### DATA LISTING
+ + +
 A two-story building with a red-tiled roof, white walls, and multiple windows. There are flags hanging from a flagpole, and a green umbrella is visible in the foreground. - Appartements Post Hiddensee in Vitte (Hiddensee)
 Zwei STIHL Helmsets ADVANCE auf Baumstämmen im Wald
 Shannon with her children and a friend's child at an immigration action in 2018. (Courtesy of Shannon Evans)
+ + +
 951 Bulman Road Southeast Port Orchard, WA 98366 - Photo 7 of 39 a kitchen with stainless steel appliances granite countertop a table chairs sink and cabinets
+ + +
Reproduce the lines of the entries above from the one with "A two-story building" to the one with "Shannon with her", both included, exactly and without any other line.

### FINISHED TASK
 A two-story building with a red-tiled roof, white walls, and multiple windows. There are flags hanging from a flagpole, and a green umbrella is visible in the foreground. - Appartements Post Hiddensee in Vitte (Hiddensee)
 Zwei STIHL Helmsets ADVANCE auf Baumstämmen im Wald
 Shannon with her children and a friend's child at an immigration action in 2018. (Courtesy of Shannon Evans)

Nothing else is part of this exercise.